DATA EXTRACT below:
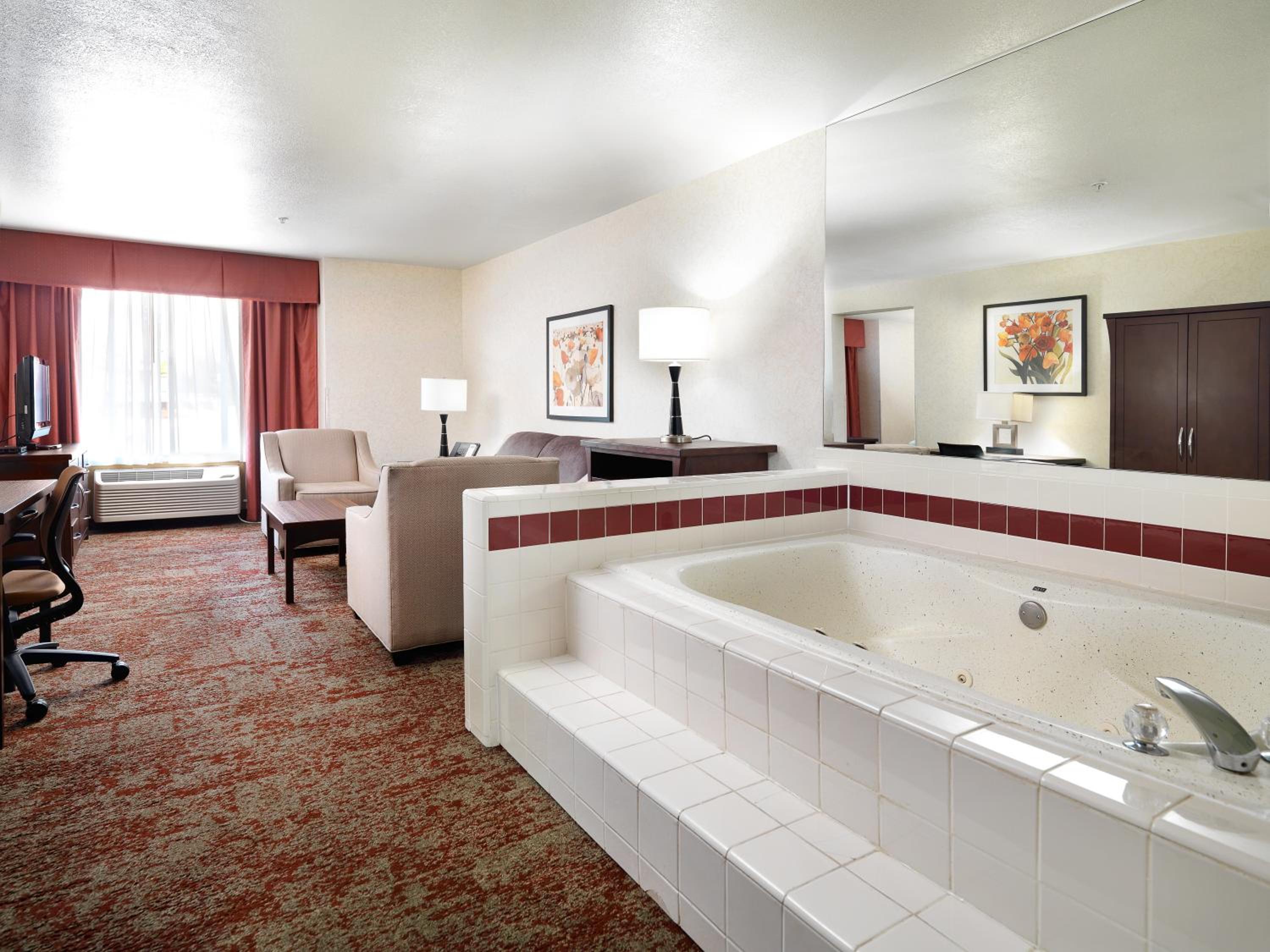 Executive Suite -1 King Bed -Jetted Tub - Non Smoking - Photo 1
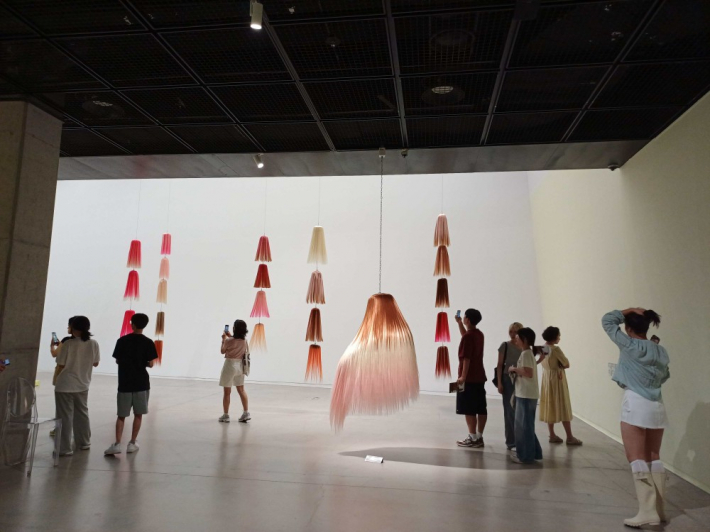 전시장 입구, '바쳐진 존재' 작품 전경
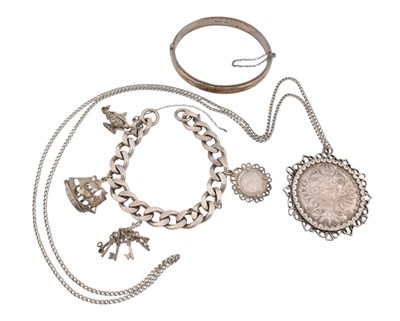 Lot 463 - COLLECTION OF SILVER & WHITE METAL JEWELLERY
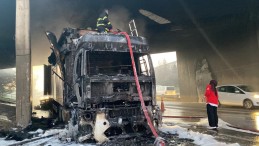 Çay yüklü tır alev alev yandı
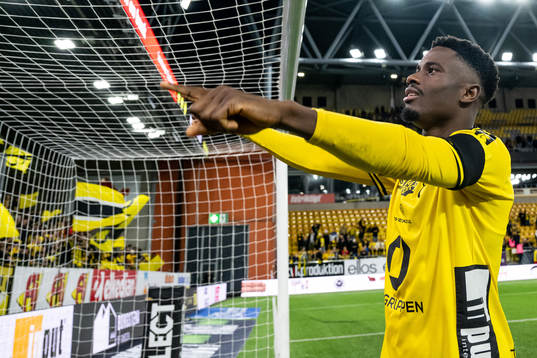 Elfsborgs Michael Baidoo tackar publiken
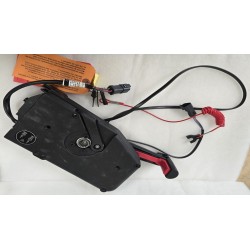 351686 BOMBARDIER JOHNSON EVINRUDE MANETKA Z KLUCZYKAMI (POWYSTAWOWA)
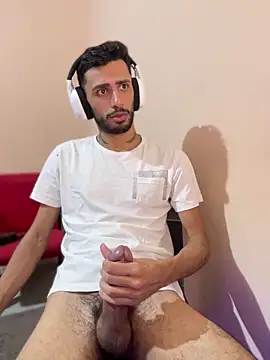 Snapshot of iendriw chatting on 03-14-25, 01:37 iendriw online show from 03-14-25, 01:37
End of DATA EXTRACT.
__ACTIVITY__:
Pictures stay out; reproduce exactly the lines from the one containing "Elfsborgs Michael Baidoo tackar publiken" through the end of the data.

__YOUR RESPONSE__:
 Elfsborgs Michael Baidoo tackar publiken
 351686 BOMBARDIER JOHNSON EVINRUDE MANETKA Z KLUCZYKAMI (POWYSTAWOWA)
 Snapshot of iendriw chatting on 03-14-25, 01:37 iendriw online show from 03-14-25, 01:37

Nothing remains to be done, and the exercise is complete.